Embed With Elliot: Microcontroller Makefiles

Last time on Embed with Elliot, I began my celebration of the make command’s 40th birthday next month. We discussed using the default rules and how to augment them with your own variables defined in a makefile. Next, I’ll walk you through some makefiles that can be used for real-world microcontroller code development. This week, we’ll focus on one for the AVR platform, and later on, I’ll run through a slightly more complicated version for the ST32M series of ARM Cortex micros.

Along the way, we’ll pick up a couple of tricks, but the aim is to keep the makefiles minimal, readable, and easily extensible. Once you get a little taste of the power of writing your own makefiles, you probably won’t be able to stop adding bells and whistles — custom routines for flashing, checking the size of binaries, generating assembly listings, etc. I’ll leave the extras up to you, but you’ll eventually find that anything you do can be automated with a makefile.

AVR Makefile

Compiling for a microcontroller isn’t as straightforward as compiling for your desktop computer. That’s because the compiler on your desktop is designed to output the same machine language that’s spoken by your desktop’s CPU. If you want to create code to run on an AVR (or any other platform), you’re cross compiling, which isn’t nearly as daunting as it sounds at first.
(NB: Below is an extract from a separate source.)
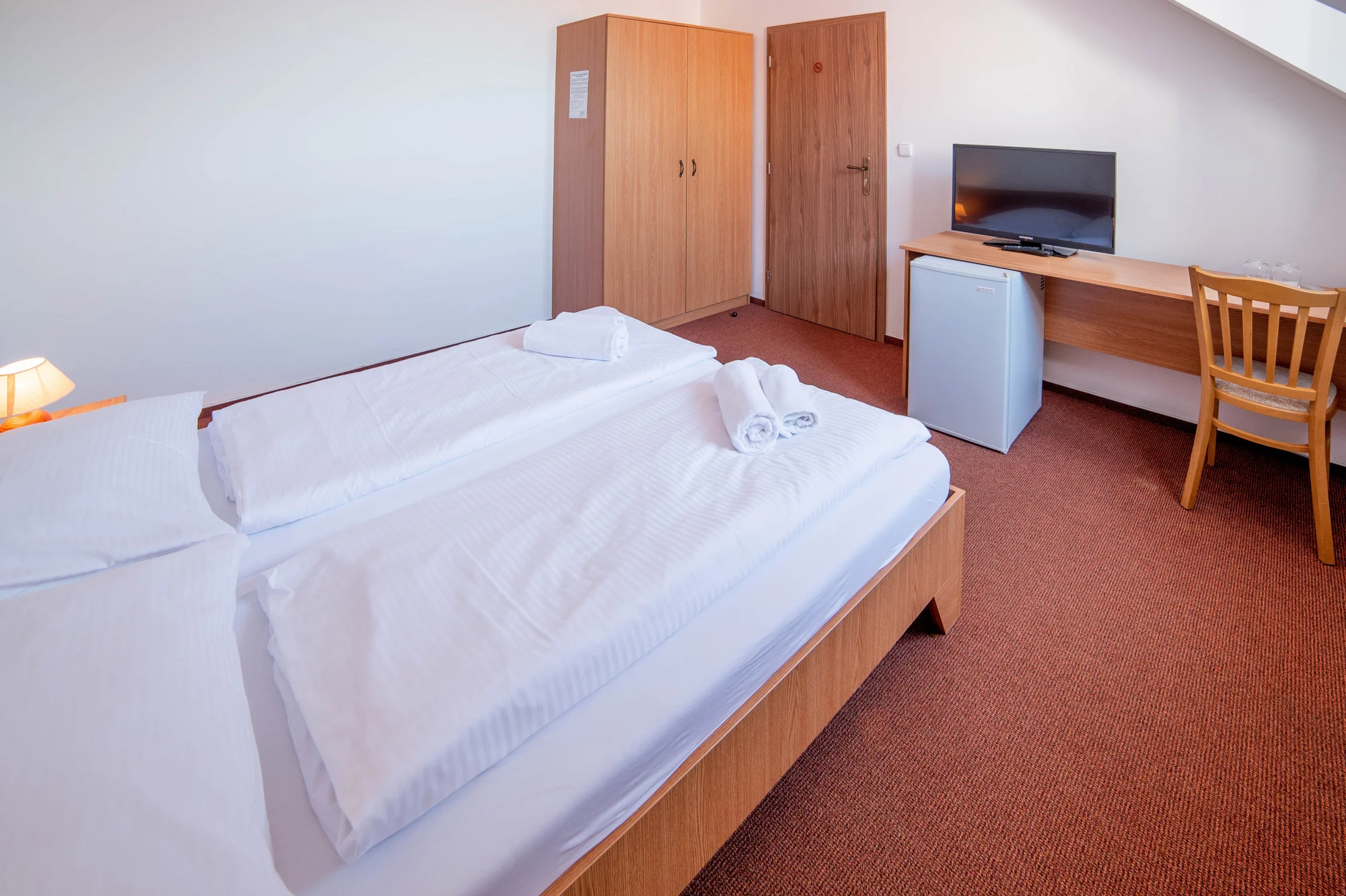 Relax v srdci Slovácka: penzion se snídaní či polopenzí, láhev vína a možnost privátního wellness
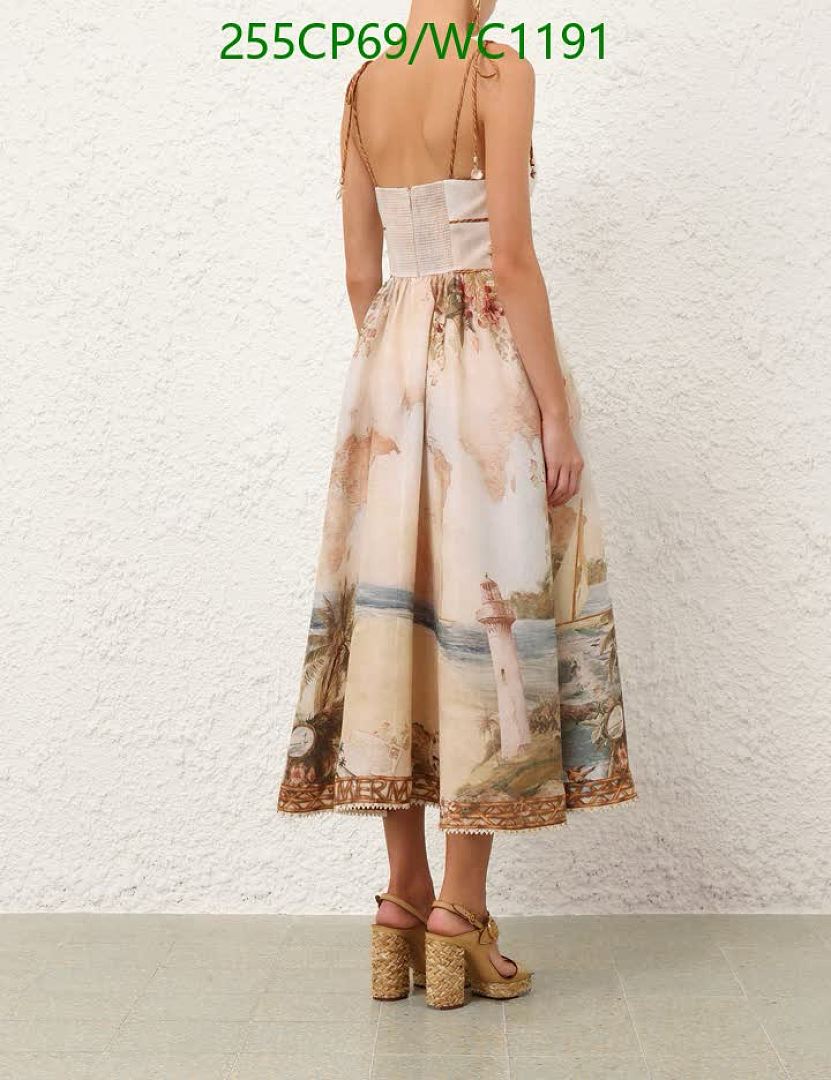 Zimmermann-Clothing Code: WC1191 $: 255USD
Cross compiling just means using a non-default compiler, linker, and other assorted tools. Last time, we specified which compiler we wanted to use with a line like CC=gcc in our makefile. Here, we just need to list out the minimal set of tools that let us compile for the AVR platform:

 
## Cross-compilation 
CC = avr-gcc 
OBJCOPY = avr-objcopy 

Next, it’s on to the project-specific details. We’ll start with our project’s name and the object files we’ll need to create. If you had your code spread across multiple .c files, you would specify one object file per .c file in the project — that’s how make is going to know to compile them. Here, we have some utility functions that we use across various projects broken out into their own utility-functions.c and utility-functions.h files.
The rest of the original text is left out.